Table-Qualified Column References

# Use table-qualified names when needed for clarity
df = orders_df.join(
    customers_df,
    on=[col("orders.customer_id") == col("customers.id")]
)

Complex Queries

Subqueries (via CTEs - when supported)

# For now, use multiple DataFrames
# First query
top_customers = (
    db.table("orders")
    .select()
    .group_by("customer_id")
    .agg(F.sum(col("amount")).alias("total"))
    .order_by(col("total").desc())
    .limit(10)
)

# Use results in second query
customer_ids = [row["customer_id"] for row in top_customers.collect()]
df = (
    db.table("customers")
    .select()
    .where(col("id").isin(customer_ids))
)

Window Functions

from moltres.expressions import functions as F

# Running average using select()
df = (
    db.table("sales")
    .select(
        col("date"),
        col("amount"),
        F.avg(col("amount")).over(order_by=col("date")).alias("running_avg")
    )
)

# Window functions in withColumn() (PySpark-compatible, v0.16.0+)
df = (
    db.table("sales")
    .withColumn(
        "row_num",
        F.row_number().over(partition_by=col("category"), order_by=col("amount"))
    )
    .withColumn(
        "rank",
        F.rank().over(partition_by=col("category"), order_by=col("amount"))
    )
)

Data Mutations

CRUD operations use Database.insert/update/delete/merge (or Records.insert_into for row bags). TableHandle from db.table("name") is for queries only.

Insert Data

from moltres.io.records import Records

# Single batch insert
db.insert("users", [{"name": "Alice", "email": "alice@example.com"}])

# Multiple rows
db.insert("users", [
    {"name": "Alice", "email": "alice@example.com"},
    {"name": "Bob", "email": "bob@example.com"},
    {"name": "Charlie", "email": "charlie@example.com"},
])

# Or via Records
Records.from_list(
    [{"name": "Alice", "email": "alice@example.com"}],
    database=db,
).insert_into("users")

Update Data

from moltres import col

# Update single column
db.update(
    "users",
    where=col("id") == 1,
    set={"name": "Alice Updated"},
)

# Update multiple columns
db.update(
    "users",
    where=col("status") == "pending",
    set={
        "status": "processed",
        "processed_at": "2024-01-01 12:00:00",
    },
)

Delete Data

# Delete with condition
db.delete("users", where=col("status") == "deleted")

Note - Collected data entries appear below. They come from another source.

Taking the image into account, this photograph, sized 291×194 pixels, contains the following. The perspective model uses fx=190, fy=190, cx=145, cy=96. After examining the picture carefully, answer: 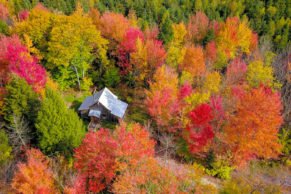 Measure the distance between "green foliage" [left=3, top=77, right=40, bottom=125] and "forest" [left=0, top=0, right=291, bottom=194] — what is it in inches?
4.7

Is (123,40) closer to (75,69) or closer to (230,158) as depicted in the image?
(75,69)

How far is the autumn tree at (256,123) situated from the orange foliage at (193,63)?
1329cm

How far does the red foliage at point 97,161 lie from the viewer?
16.9 meters

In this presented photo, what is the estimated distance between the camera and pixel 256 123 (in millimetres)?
21203

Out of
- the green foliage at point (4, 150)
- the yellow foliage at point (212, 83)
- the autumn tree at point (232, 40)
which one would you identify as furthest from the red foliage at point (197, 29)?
the green foliage at point (4, 150)

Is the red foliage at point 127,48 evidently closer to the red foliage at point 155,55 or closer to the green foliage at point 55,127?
the red foliage at point 155,55

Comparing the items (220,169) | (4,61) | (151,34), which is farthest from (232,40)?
(4,61)

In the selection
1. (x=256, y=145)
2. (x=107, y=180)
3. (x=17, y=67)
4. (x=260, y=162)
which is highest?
(x=17, y=67)

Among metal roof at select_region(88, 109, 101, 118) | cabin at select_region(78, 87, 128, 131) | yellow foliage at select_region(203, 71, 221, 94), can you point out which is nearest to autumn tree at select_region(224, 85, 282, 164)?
yellow foliage at select_region(203, 71, 221, 94)

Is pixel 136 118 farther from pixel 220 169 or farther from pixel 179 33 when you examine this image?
pixel 179 33

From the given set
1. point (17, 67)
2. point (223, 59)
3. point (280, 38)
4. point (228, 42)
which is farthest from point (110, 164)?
point (280, 38)

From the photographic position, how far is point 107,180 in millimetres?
17141

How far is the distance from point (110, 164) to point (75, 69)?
22.2 meters

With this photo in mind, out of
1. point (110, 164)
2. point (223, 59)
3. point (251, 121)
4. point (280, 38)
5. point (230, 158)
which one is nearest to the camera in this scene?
point (110, 164) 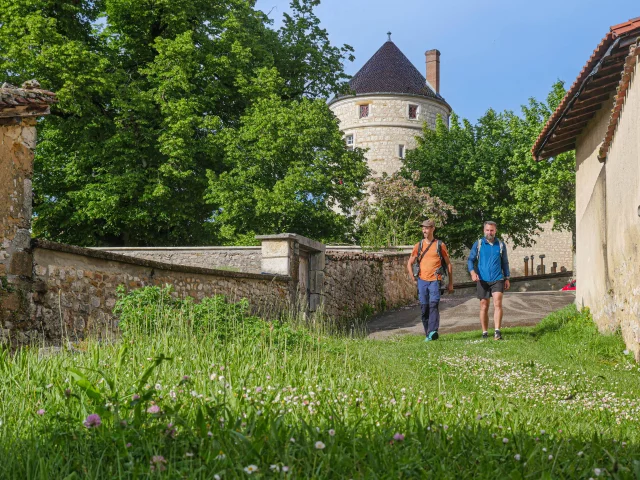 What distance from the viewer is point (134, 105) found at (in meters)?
22.2

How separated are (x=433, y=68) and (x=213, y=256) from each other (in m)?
35.7

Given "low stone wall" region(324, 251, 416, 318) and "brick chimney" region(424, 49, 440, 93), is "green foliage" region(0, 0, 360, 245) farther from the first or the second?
"brick chimney" region(424, 49, 440, 93)

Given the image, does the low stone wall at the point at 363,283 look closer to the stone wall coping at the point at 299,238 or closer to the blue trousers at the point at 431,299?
the stone wall coping at the point at 299,238

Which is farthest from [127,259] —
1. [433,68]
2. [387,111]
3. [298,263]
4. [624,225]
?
[433,68]

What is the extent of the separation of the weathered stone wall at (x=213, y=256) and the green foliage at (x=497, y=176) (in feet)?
65.5

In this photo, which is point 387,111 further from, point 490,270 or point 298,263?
point 490,270

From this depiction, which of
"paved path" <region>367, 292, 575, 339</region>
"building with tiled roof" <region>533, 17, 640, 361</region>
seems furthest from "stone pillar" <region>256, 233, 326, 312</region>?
"building with tiled roof" <region>533, 17, 640, 361</region>

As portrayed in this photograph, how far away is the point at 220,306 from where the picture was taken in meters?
8.31

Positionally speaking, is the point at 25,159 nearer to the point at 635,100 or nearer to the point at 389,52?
the point at 635,100

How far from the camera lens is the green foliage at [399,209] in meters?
32.2

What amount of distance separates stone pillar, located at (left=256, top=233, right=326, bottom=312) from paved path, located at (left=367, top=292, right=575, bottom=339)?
1613 mm

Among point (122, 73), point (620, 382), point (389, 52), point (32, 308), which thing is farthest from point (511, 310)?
point (389, 52)

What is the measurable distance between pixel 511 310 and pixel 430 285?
679 centimetres

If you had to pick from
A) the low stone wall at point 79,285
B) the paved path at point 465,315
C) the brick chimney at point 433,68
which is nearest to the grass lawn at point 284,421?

# Delete with complex condition
db.delete(
    "users",
    where=(col("status") == "deleted") & (col("deleted_at") < "2024-01-01"),
)

File Operations

Loading Files

Goal	API	Returns
Lazy DataFrame for SQL transforms	`db.load.csv(path)`	`DataFrame`
Eager rows for inserts	`db.read.records.csv(path)`	`Records`

from moltres.io.records import Records

# Lazy DataFrame (query with .where(), .join(), etc.)
df = db.load.csv("data.csv")
df = db.load.option("delimiter", "|").csv("pipe_delimited.csv")
results = df.collect()

# Eager Records (insert into tables, Python iteration)
records = db.read.records.csv("data.csv")
records = db.read.records.json("data.json")
records = db.read.records.parquet("data.parquet")  # requires moltres[parquet]

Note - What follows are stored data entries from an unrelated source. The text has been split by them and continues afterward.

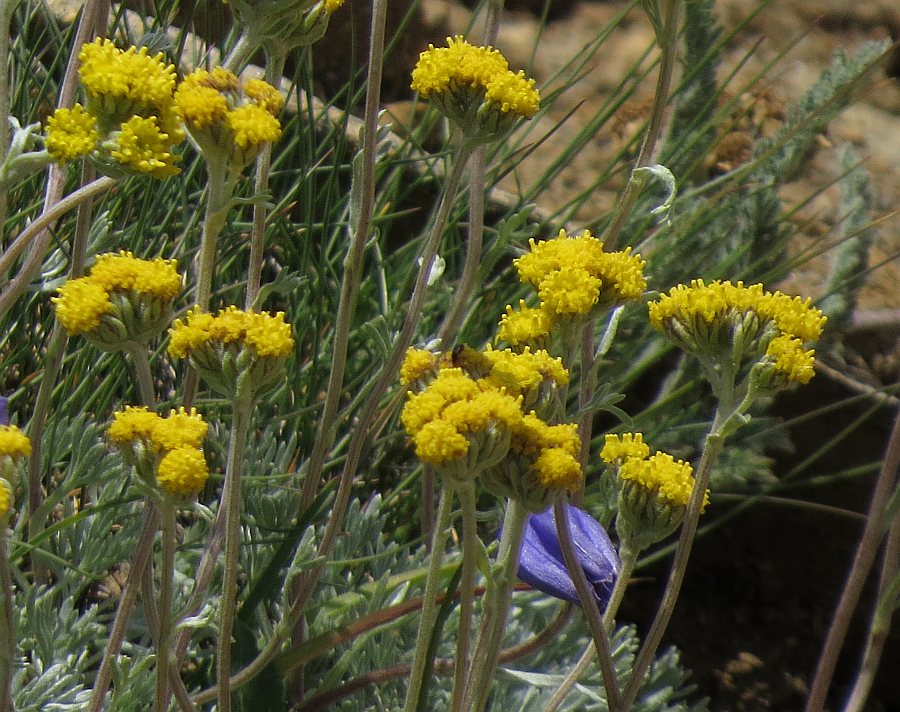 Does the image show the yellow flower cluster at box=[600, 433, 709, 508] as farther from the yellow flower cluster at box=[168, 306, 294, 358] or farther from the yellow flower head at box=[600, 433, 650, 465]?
the yellow flower cluster at box=[168, 306, 294, 358]

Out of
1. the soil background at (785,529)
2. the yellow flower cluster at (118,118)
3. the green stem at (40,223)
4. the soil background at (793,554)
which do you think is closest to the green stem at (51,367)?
the green stem at (40,223)

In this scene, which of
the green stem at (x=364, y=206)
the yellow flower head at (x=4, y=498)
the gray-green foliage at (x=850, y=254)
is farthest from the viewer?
the gray-green foliage at (x=850, y=254)

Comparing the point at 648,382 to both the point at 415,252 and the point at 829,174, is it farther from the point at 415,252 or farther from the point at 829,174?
the point at 829,174

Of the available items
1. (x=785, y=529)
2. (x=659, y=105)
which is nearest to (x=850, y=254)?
(x=785, y=529)

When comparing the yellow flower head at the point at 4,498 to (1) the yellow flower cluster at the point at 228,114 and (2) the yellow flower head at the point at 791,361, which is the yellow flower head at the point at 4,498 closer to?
(1) the yellow flower cluster at the point at 228,114

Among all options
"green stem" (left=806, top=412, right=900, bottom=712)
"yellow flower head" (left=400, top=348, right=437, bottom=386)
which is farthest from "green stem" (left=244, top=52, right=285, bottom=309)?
"green stem" (left=806, top=412, right=900, bottom=712)

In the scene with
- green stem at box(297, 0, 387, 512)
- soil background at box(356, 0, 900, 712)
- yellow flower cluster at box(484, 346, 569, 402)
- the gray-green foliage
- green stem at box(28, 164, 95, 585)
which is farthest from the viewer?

# Insert Records into a table
Records.from_list(list(records), database=db).insert_into("staging")
# Or
db.insert("staging", list(records))

# Access eager row data
rows = records.rows()
for row in records:
    process(row)

Writing Files

df = db.table("users").select()

# CSV
df.write.csv("output.csv")
df.write.option("delimiter", "|").csv("output.csv")

# JSON
df.write.json("output.json")
df.write.jsonl("output.jsonl")

# Parquet
df.write.parquet("output.parquet")

Streaming for Large Datasets

Streaming Reads

# Load large file in streaming mode (returns Records)
records = db.load.stream().option("chunk_size", 10000).csv("large_file.csv")

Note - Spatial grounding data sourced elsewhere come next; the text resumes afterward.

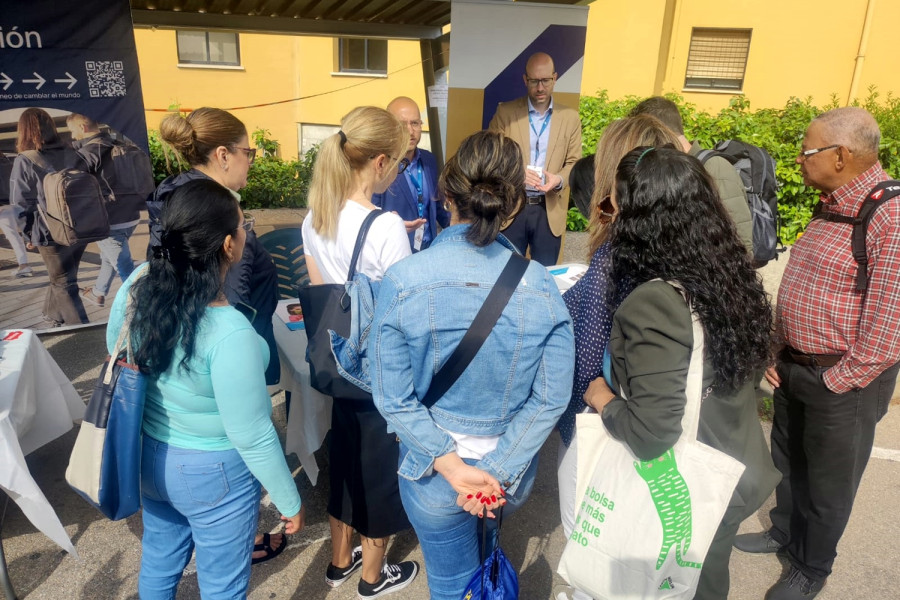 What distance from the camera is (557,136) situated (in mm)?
4566

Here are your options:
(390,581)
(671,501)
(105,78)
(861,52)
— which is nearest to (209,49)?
(105,78)

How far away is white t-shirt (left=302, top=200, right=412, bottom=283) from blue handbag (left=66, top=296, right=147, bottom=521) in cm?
72

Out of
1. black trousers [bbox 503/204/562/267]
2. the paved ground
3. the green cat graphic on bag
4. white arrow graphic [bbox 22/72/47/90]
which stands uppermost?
white arrow graphic [bbox 22/72/47/90]

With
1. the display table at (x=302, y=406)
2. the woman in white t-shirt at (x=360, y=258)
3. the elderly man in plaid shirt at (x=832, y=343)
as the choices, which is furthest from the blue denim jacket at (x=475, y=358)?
the elderly man in plaid shirt at (x=832, y=343)

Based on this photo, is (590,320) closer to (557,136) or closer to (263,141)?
(557,136)

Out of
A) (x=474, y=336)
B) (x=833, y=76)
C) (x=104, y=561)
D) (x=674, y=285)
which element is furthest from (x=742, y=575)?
(x=833, y=76)

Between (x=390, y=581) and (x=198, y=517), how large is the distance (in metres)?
1.08

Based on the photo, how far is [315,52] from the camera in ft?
43.4

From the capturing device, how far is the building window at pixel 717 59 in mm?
11695

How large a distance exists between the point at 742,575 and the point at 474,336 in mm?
2067

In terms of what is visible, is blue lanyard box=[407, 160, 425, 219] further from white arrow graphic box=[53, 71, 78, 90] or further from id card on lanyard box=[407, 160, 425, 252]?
white arrow graphic box=[53, 71, 78, 90]

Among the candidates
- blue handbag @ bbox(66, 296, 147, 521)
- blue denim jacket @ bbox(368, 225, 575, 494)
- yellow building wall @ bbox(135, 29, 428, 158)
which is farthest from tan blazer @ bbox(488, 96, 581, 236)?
yellow building wall @ bbox(135, 29, 428, 158)

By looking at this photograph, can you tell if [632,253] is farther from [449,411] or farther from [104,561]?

# Records iterate row-by-row (streaming happens internally)
for row in records:
    process(row)  # Process one row at a time

# Or materialize all at once
all_rows = records.rows()  # Materializes all data

Streaming Writes

# Write large dataset in chunks
df.write.stream().mode("overwrite").save_as_table("large_table")

# Stream to file
df.write.stream().csv("output.csv")

Streaming SQL Queries

# Process query results in chunks
df = db.table("large_table").select()
for chunk in df.collect(stream=True):
    process_chunk(chunk)

Table Management

Create Table

from moltres import column, connect

db = connect("sqlite:///example.db")

table = db.create_table(
    "users",
    [
        column("id", "INTEGER", nullable=False, primary_key=True),
        column("name", "TEXT", nullable=False),
        column("email", "TEXT", nullable=True),
        column("created_at", "TIMESTAMP", default="CURRENT_TIMESTAMP"),
    ],
)

Drop Table

db.drop_table("users", if_exists=True)

Working with Results

Default Format (List of Dicts)

db = connect("sqlite:///example.db")
results = df.collect()  # List[Dict[str, Any]]

for row in results:
    print(row["name"], row["email"])

Pandas Format

db = connect("sqlite:///example.db", fetch_format="pandas")
df_result = df.collect()  # pandas.DataFrame

print(df_result.head())
print(df_result.describe())

Polars Format

db = connect("sqlite:///example.db", fetch_format="polars")
df_result = df.collect()  # polars.DataFrame

print(df_result.head())
print(df_result.describe())

Error Handling

Handling Validation Errors

from moltres.utils.exceptions import ValidationError

try:
    db.table("")  # Empty table name
except ValidationError as e:
    print(f"Validation error: {e}")

Handling Execution Errors

from moltres.utils.exceptions import ExecutionError

try:
    df.collect()
except ExecutionError as e:
    print(f"Query failed: {e}")

Performance Tips

Use Batch Operations

# ✅ Good: Batch insert
db.insert("users", [row1, row2, ..., row1000])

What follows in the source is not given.